Clarence Thomas-Rush Limbaugh Lovefest

Two current newsmakers--the scourge of “phony soldiers” and the man a New York Times editorial today calls “The Angriest Justice”--started this week with Rush Limbaugh telling Clarence Thomas that “those of us privileged to know you and love you know a man we wish everybody knew as we do.”

If Justice Thomas is still short of being beloved, it is not for Limbaugh’s lack of trying. In a record hour and a half interview, the radio host did his best to sanctify the man who officiated at his third wedding in 1994.

It was an instructive encounter for those who know both as publicly less than loving--Limbaugh, the college dropout son of a family of Southern judges and prosecutors, and Thomas, the Catholic seminary dropout raised by a righteous grandfather he honors in his memoir, “My Grandfather’s Son.”

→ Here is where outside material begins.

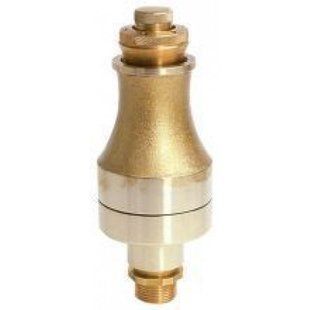 Фонтанная форсунка 1" Koenigslilie 10 Т / томбак - 50924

In their long embrace on the airwaves, Limbaugh, who usually trashes everybody, and Thomas, who usually resents everybody, were different people in an alternate universe of sweetness and light.

Talking about the stormy confirmation hearings of 1991, Limbaugh noted, “The thing that I've noticed--I'm not sucking up here--I don't hear any bitterness today about anything that's happened or been said about you.”

“Well, Rush, I don't really have the luxury to be bitter...When you are trying to do your don't have the luxury of having those sorts of negative things in your life.”

Today’s Times editorial notes, on the evidence of Thomas’ book, that “the rage he harbors raises questions about whether he can sit as an impartial judge in many of the cases the Supreme Court hears.” Limbaugh’s venom against “phony soldiers” who are against the Iraq war had politicians trying to get him removed from the air.

But on the Rush Limbaugh show, Clarence Thomas is a down-to-earth guy who confesses he would like to drive trailer trucks for a living. They seem to have a calming effect on each other.


Liza said...

Very sweet.

They deserve each other.

GiromiDe said...

Limbaugh owes much of his career to the Thomas confirmation hearings.